OK - so this is a week of Jewish elections! Both at the World Zionist Organization and in Israel. What can we expect? Is anything going to change?
Let's start with the WZO. By the latest agreement between the Jewish Agency, Israel, and the American Jewish Community, about 1/3 of the elected seats go to representatives from the American Jewish Community. And with a growing disinterest in Zionism among liberal Jews, the result might surprise many. While ARZA (The Reform Zionist Movement) mounted an effective campaign to promote the Liberal list, it might be swimming against the current. There is a differential in active participation in the Zionist Movement between Reform, Conservative and Modern Orthodox Jews. Participation of Modern Orthodox is proportionally larger than among the other movements, and their support tends to go for the Likkud and religious parties. Adding to this, is the gradual distancing of young American Jews from Israel and Zionism, and the fact that the younger American generations (Jews included) are far less likely to affiliate. Among Modern Orthodox all these trends exist as well, but a lot less so.

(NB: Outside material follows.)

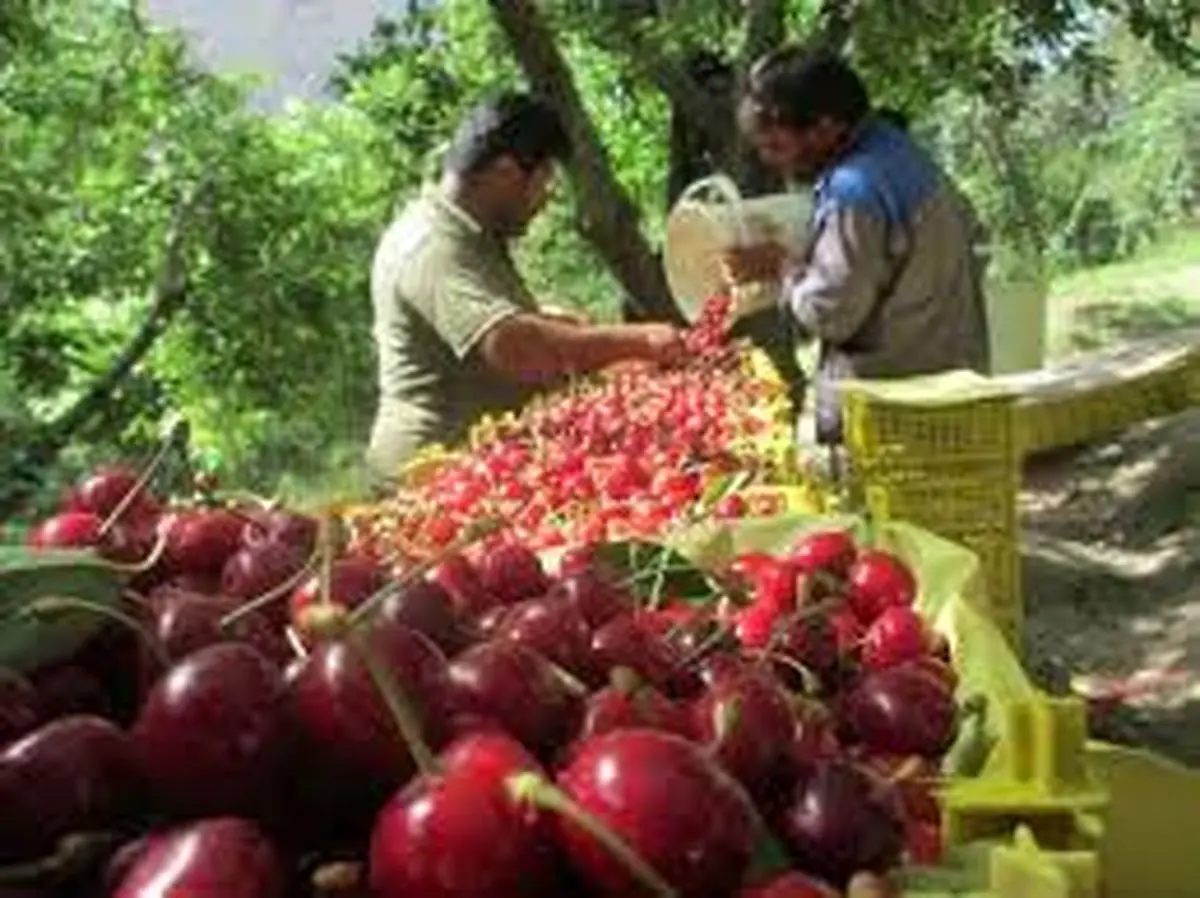 برداشت  ۸ هزار تُن گیلاس و آلبالو از باغات  لرستان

The result? We are likely to see a WZO Board that is overall more conservative and more supportive of the Zionism represented by the Likkud. This will probably result in growing tensions between Liberal American Jews and our Modern Orthodox and Israeli brothers, as the political make up of the communities continues to grow apart.
Then there is Israel, heading for its THIRD election in twelve months. The right-wing block and the center-left block continue to be, according to Israeli polls, in a deadlock. The right wing block led by the Likkud will probably get, according to the estimates, between 56 and 57 seats, 4 or 5 short of Knesset majority. For the Center left block to unseat the Likkud, they will need the support of the United Arab List, currently the third political force in Israel with a projected 11-12 seats. While the United Arab list is indeed likely to support the Center Left against Likkud in a Knesset vote, they are now in a position to demand a price: participation in the government coalition. Since the founding of Israel, every political party avoided going that far, and they all know that bringing the Arab list into a coalition will cost them political support. There is still, of course, the third alternative that already existed in the prior two elections: A Likkud/Kachol V'Laban coalition, which could form a government with a majority of 70+ Knesset members - a coalition so numerically strong that we would have to go back many years to find the likes of it. The obstacle remains the same: Benny Gantz, leader of Kachol V'Laban, will not, under any circumstance, sit in a government that includes Netanyahu, who is now indicted of crimes. Netanyahu, for his part, is convinced that he is the only one holding the right-wing coalition together and will therefore not consider stepping aside. If Netanyahu does decide to step aside because of his legal problems, then a super-majority coalition is indeed possible. It will leave out, however, the traditional religious and right wing allies of Likkud, and probably the left-wing allies of Kachol V'Laban. The end result of this potential realignment would be a government with policies close to those of the old Kadimah party headed by Sharon and Peres. Avigdor Lieberman (Israel Beyteinu) could still hold the king-makers vote.
The alternative to a Kachol V'Lavan/Likkud coalition? - A FOURTH election, which could be very problematic because of voter's fatigue, a factor already playing a role this time around.